Photo courtesy of Kansas City Ballet
Clara and the nutcracker prince in the kingdom
of snow (image courtesy KC Ballet)

It is now three years since Devon Carney introduced his revised version of The Nutcracker at the Kauffman Center for the Arts. At the time there was some controversy over the move, in which Bolender's seminal production was retired after a thirty-three year run. In the intervening time, however, the new version of this old tale has ably proven itself, even receiving plaudits for its run in Washington D.C.'s Kennedy center in 2017. The Carney Nutcracker is fast becoming a tradition in its own right. And, like the best traditions, it is adapting to stay relevant.
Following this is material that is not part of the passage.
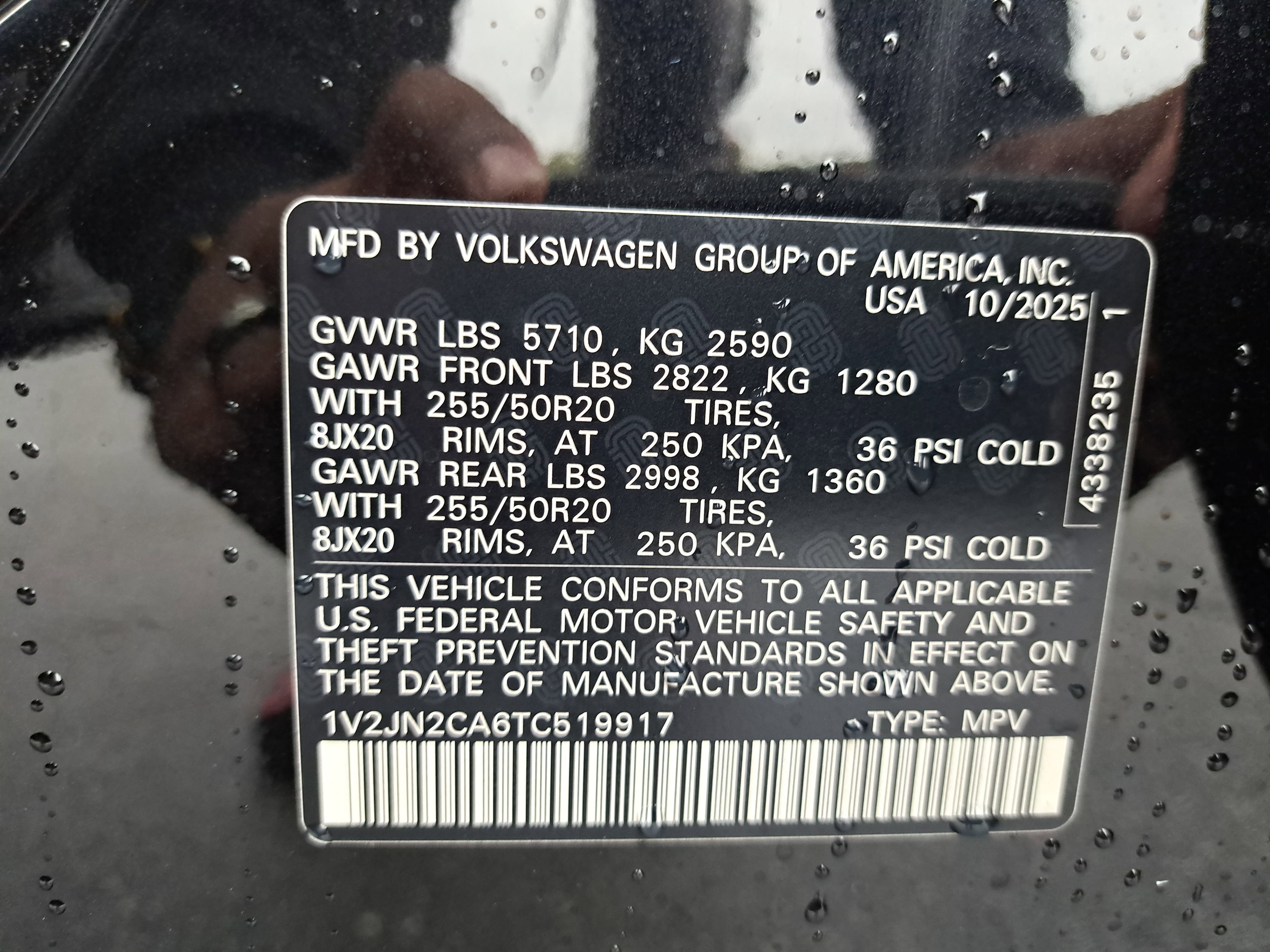 New 2026 Volkswagen Atlas SE image 35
The story, of course, is the same as always: Young Clara (as there are multiple parties taking the roles in rotation, names will not be given) and her family have a Christmas dinner, where Dr. Drosselmeier entertains with magical dolls, including the eponymous nutcracker. That night, Clara dreams of the nutcracker and an army of toy soldiers driving back a horde of mice. Clara helps at a crucial moment, defeating the mouse king and turning the nutcracker into a handsome prince. They are then whisked away to the land of snow, where the king and queen and their snowflakes dance for them. Then it's off to the land of sweets, wherein various treats and flowers perform for the two. Finally, they board their flying carriage for the trip back home.
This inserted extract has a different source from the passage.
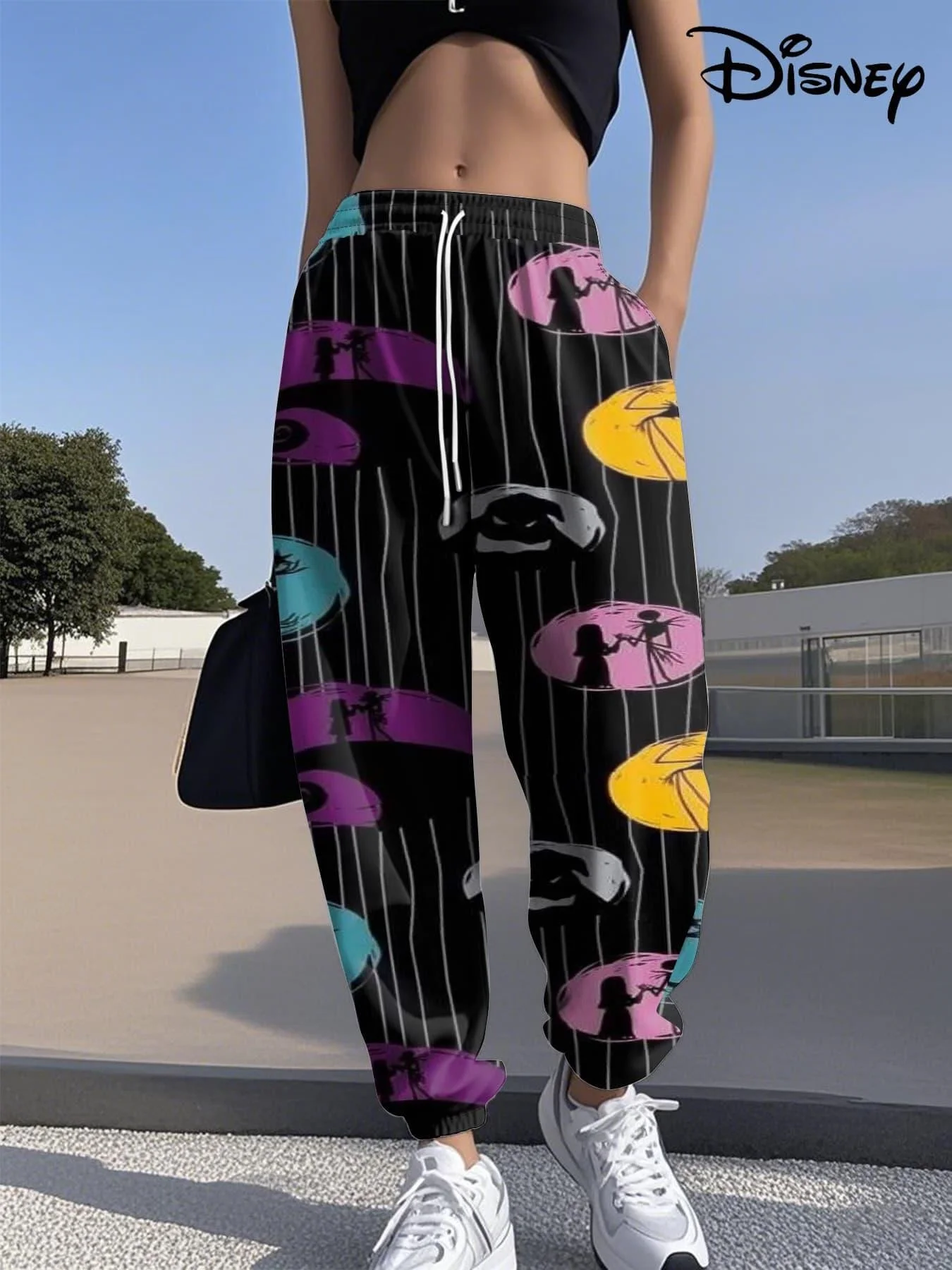 ديزني الرسوم المتحركة الكرتون الحلو كول العصرية المرأة المتفجرة الشارع الربيع والخريف نمط الكاحل السراويل المتضخم المرأة الكبار #1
One thing that always strikes this reviewer is the sheer size and complexity of the performance. For a story so simple on paper, it is easily the most elaborate thing the local company does every year. It's the "pull-out-the-stops" show, and like the Rep's annual "Christmas Carol", they are not shy about enlisting new technologies and stage techniques to enhance the overall experience. I have already mentioned the fact that there are multiple casts, due not only to the heavy performance schedule but the sheer demand of the thing itself. When you've got seven companies, three Claras, two children's' corps, live orchestral accompaniment, wire work, all kinds of elaborate stagecraft...the sheer number of variables can be mind boggling. To do it over and over again (and twice on weekends) is a headache yours truly wouldn't take on for anything. Sooner climb Mt. Everest than put on the Nutcracker.

And yet, it works. The performance last night was, for the most part, clockwork. There were a few minor glitches - a few slips here, a waltzing flower taking a spill there - but nothing more than minor hiccups, brief moments in a well-oiled machine that kept chugging regardless. I would also like to make mention of Trad A Burns's lighting design: lighting is usually something you don't notice until it goes wrong. But Mr. Burns had done an able job, dealing with several tricky setups and bringing his own enhancements to the evening.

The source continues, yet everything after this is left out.